Extracted entries ▸
□ □ □ □ □

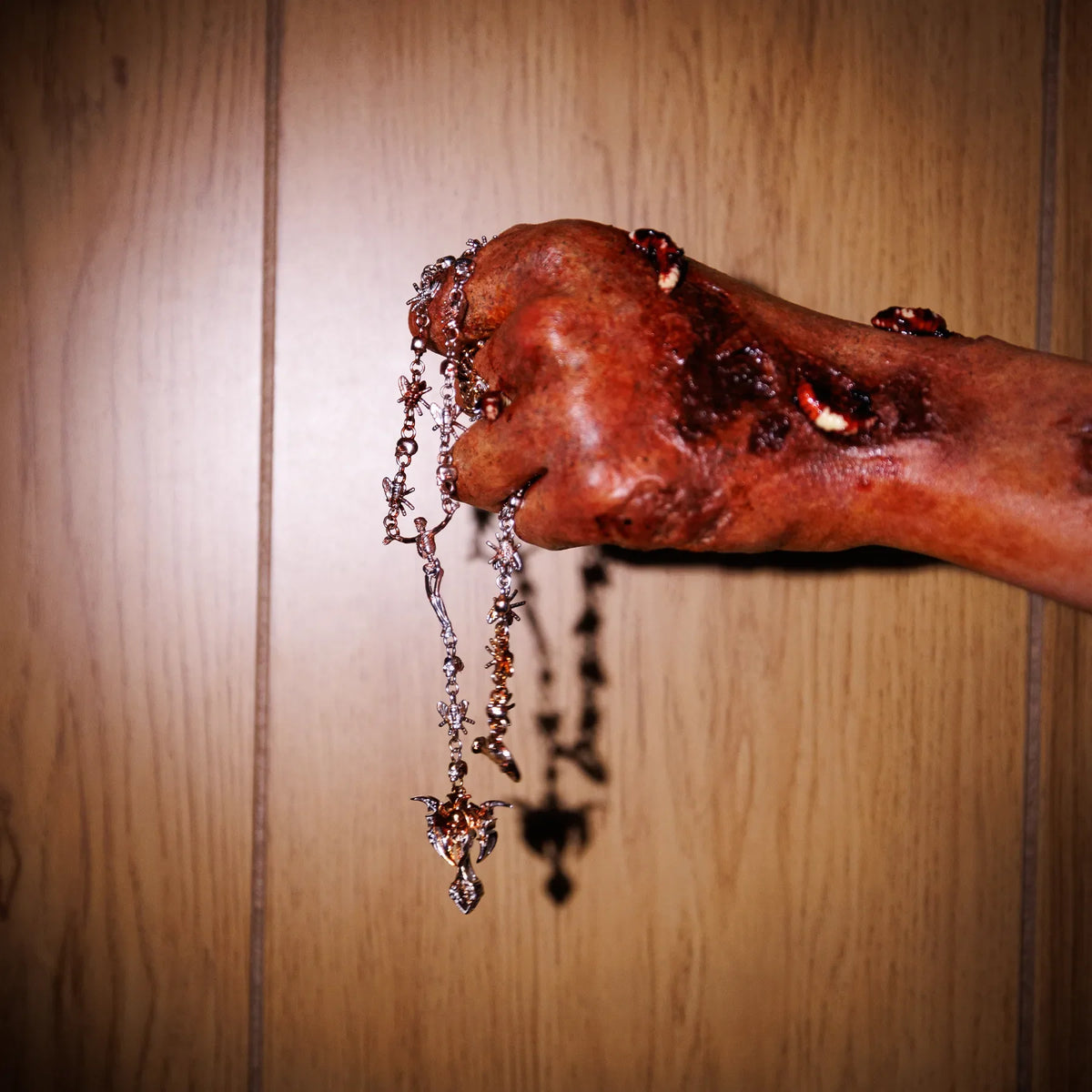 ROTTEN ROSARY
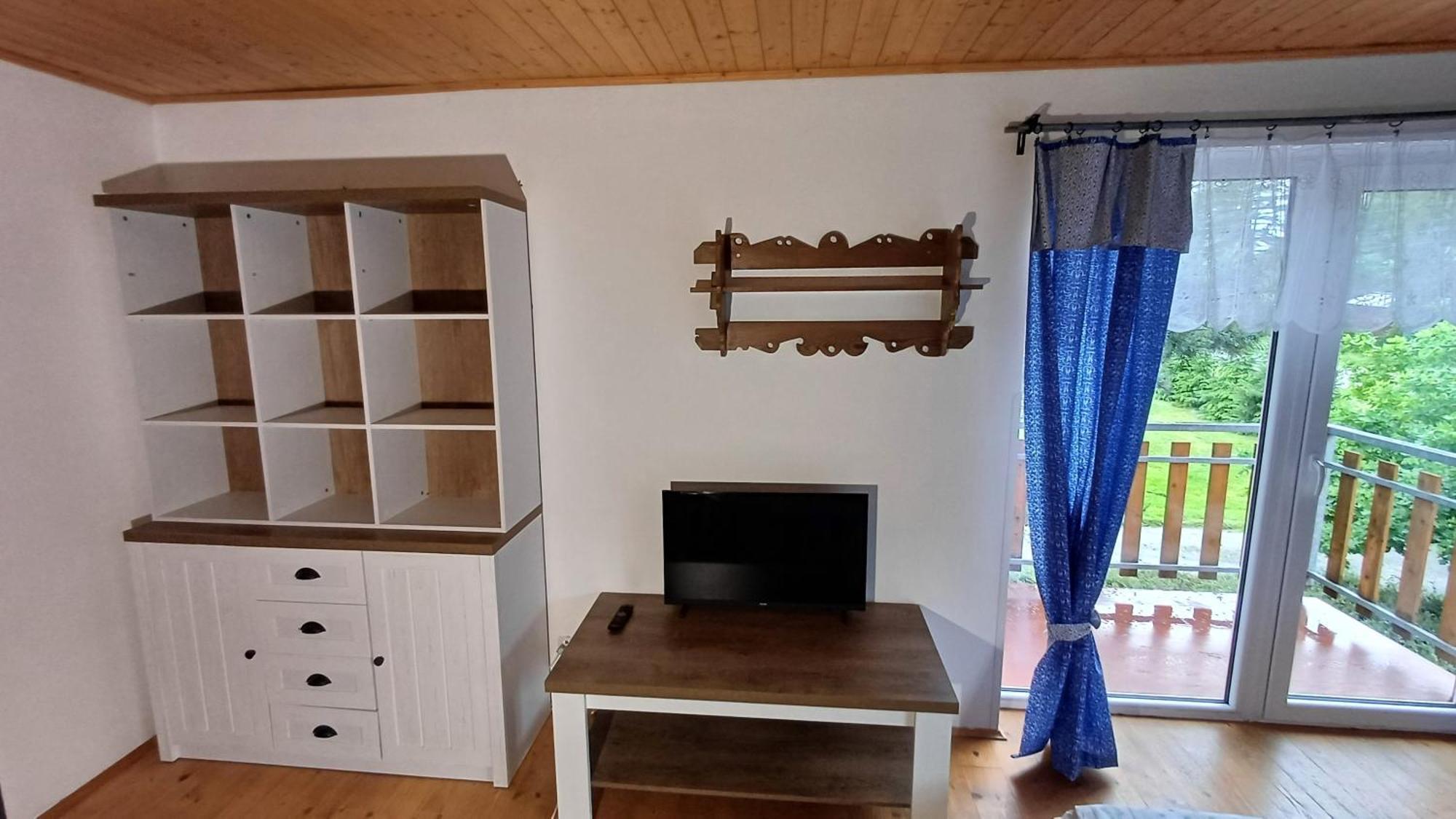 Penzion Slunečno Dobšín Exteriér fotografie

□ □ □ □ □

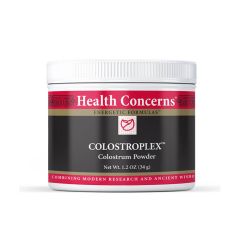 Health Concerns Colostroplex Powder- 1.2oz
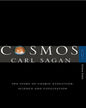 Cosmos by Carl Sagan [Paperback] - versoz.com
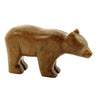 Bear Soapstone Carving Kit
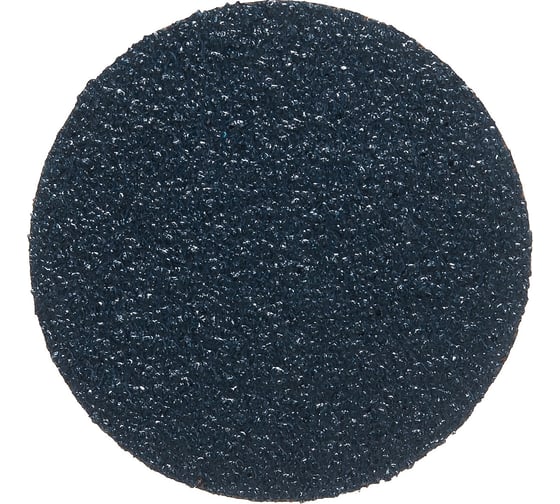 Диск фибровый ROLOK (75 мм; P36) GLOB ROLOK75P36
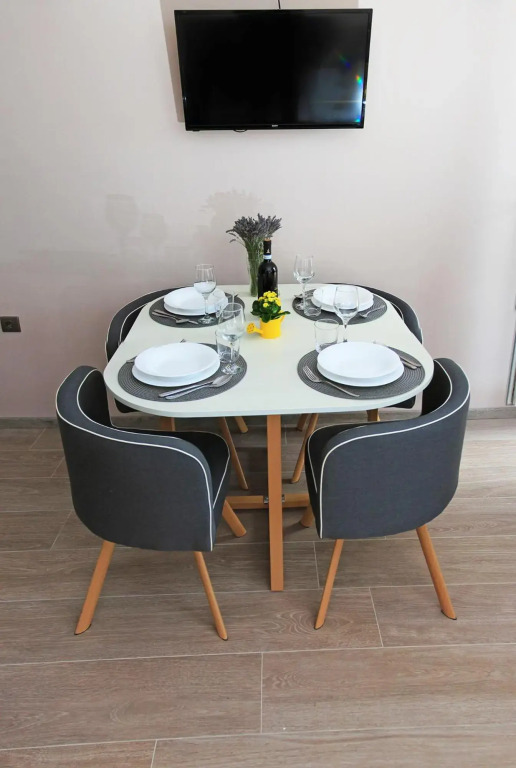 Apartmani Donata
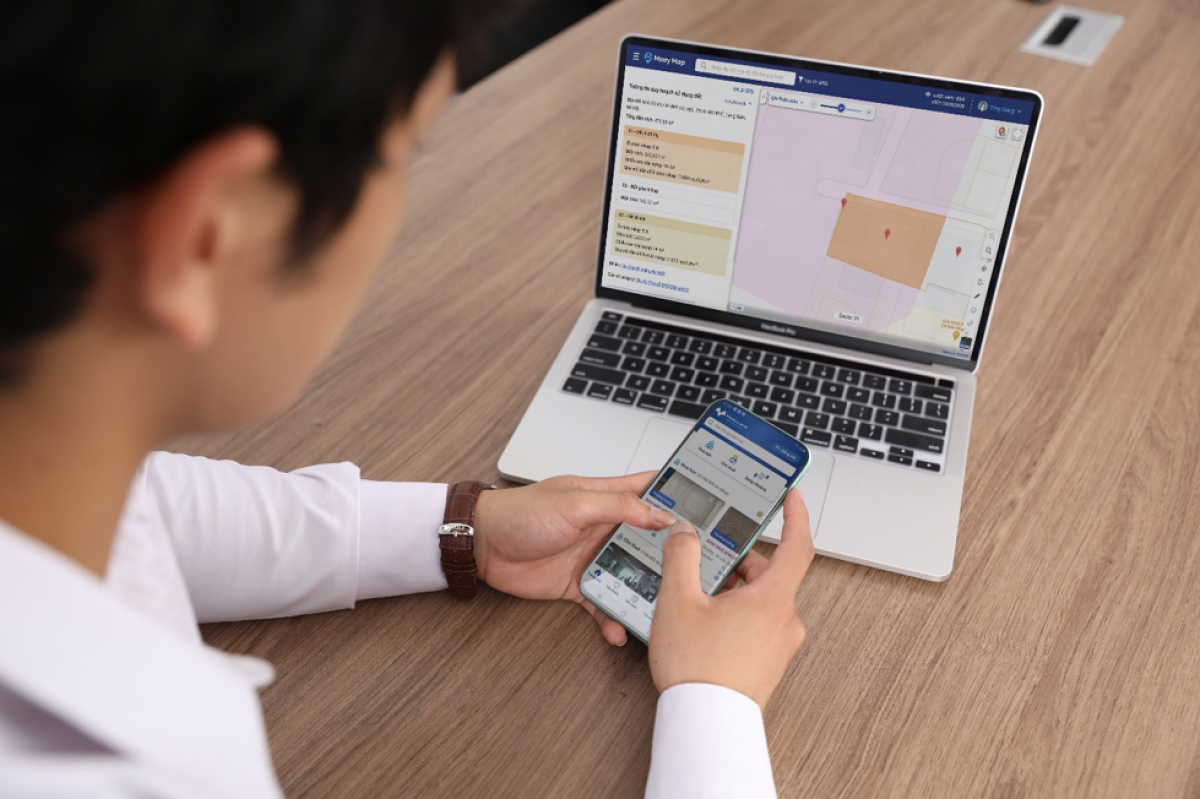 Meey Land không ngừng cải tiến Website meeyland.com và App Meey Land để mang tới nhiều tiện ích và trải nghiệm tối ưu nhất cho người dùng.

□ □ □ □ □

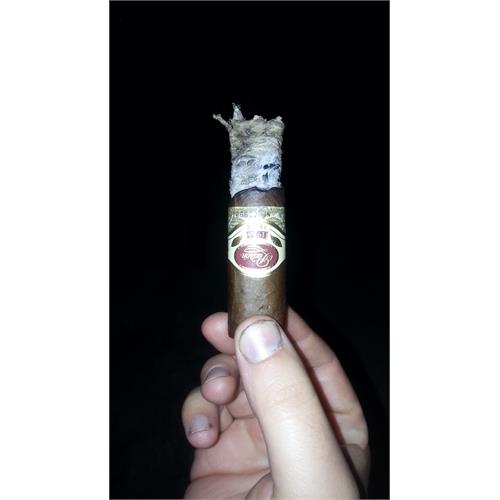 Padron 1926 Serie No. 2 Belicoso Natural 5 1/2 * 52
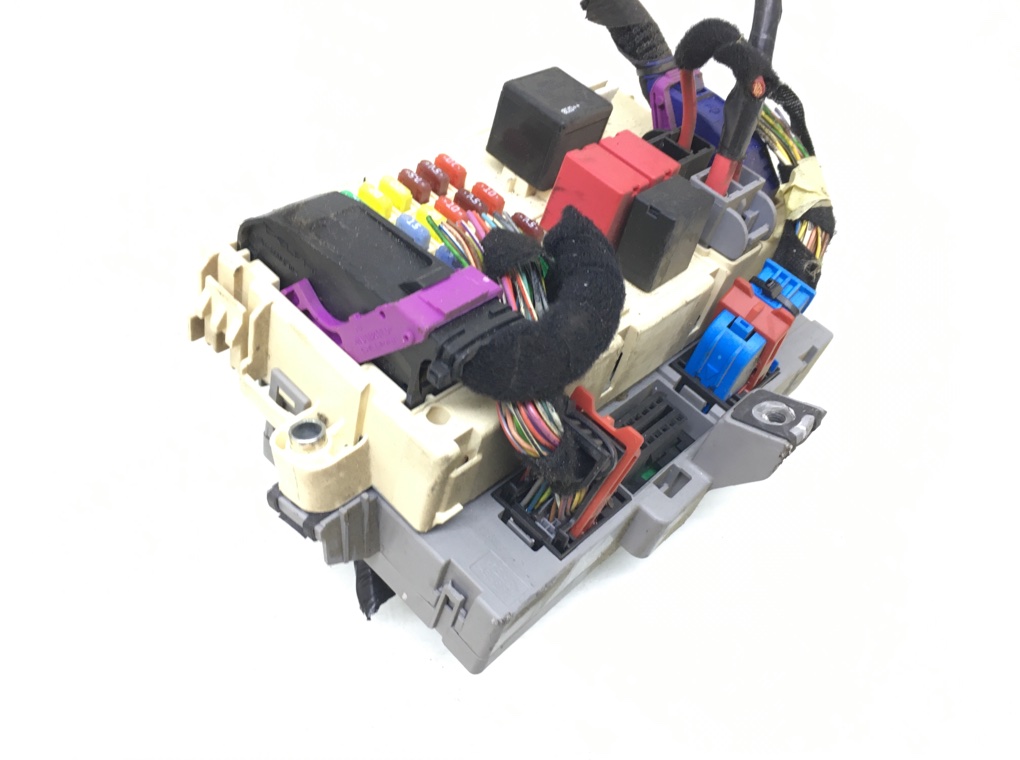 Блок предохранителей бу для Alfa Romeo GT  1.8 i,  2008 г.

□ □ □ □ □

Description of the task ▸
Copy only the lines above from the one containing "ROTTEN ROSARY" through the one containing "Penzion Slunečno Dobšín Exteriér fotografie", both included. Leave out the pictures.

Task answer ▸
 ROTTEN ROSARY
 Penzion Slunečno Dobšín Exteriér fotografie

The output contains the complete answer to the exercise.